Georgia won’t be battleground in GOP civil war

For the GOP establishment, the lesson of the last two election cycles is clear: We can’t continue to let the party be hijacked by candidates and spokesmen from the far right. Not only have they cost the party a number of winnable Senate seats, they have tainted the party brand and contributed to its reputation as extremist.

Toward that end, Fox News is purging itself of the likes of Sarah Palin and Dick Morris. Karl Rove is forming a new SuperPAC, dedicated to ensuring that ultra-conservative tea-party candidates such as Todd Akin of Missouri, Richard Mourdock of Indiana, Christine O’Donnell of Delaware and Sharron Angle of Nevada never make it through GOP primaries and onto the general-election ballot, where they have proved disasters.

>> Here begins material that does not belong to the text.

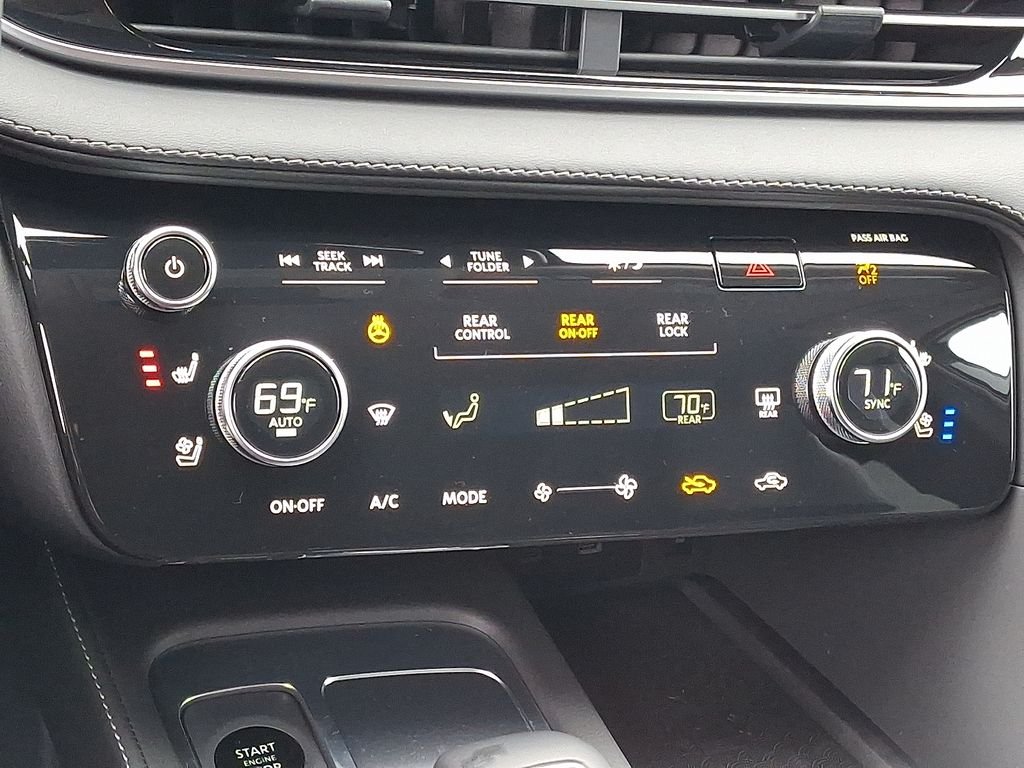 New 2026 GRAPHITE SHADOW INFINITI Luxe AWD image 13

That hasn’t set well with the GOP’s conservative tea-party wing, which insists that the party’s woes can be blamed on just the sort of moderation that Rove advocates. The dispute sets up a battle likely to determine the future course of the Republican Party, but where will that battle take place? Nationally, attention has begun to focus on Georgia and the Senate seat that becomes open in 2014.

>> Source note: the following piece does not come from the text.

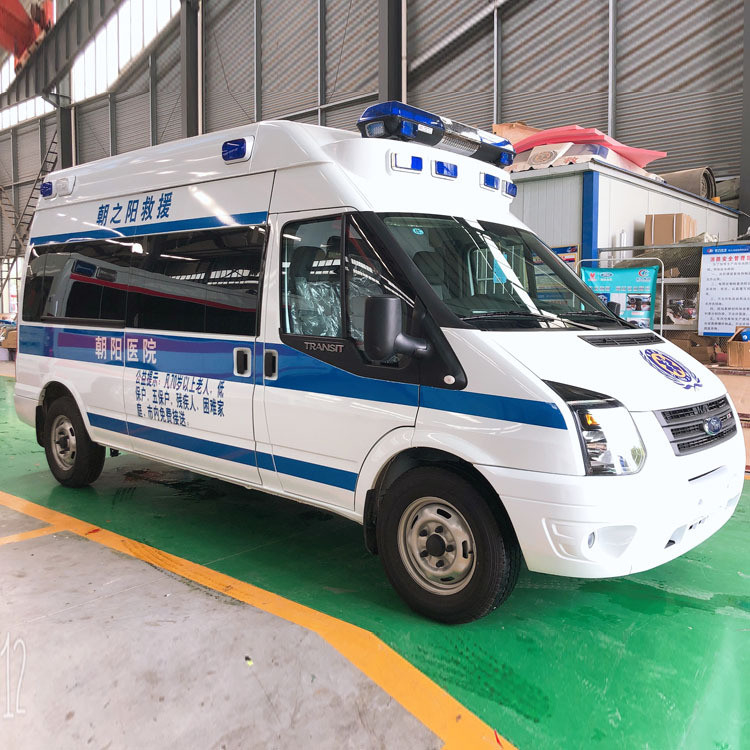Krankenwagen Anpassungsfähige mobile medizinische Fahrzeuge 3-8 m Länge 4x2 Antrieb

(For examples, see the New York Times, the Christian Science Monitor and ABC News.)

At first blush, that makes sense, because we fit so many of the parameters of a perfect test case:

– The seat is open because a veteran Republican senator, Saxby Chambliss, declined to seek re-election after his efforts at budget compromise earned him the dreaded RINO tag.

– We have a conservative GOP base that tends to gravitate toward the most conservative candidate in the field, and if the tea-party movement has faded in other parts of the country, it remains a force to be reckoned with here in the Peach State. In other words, a Mourdock or Akin could win here.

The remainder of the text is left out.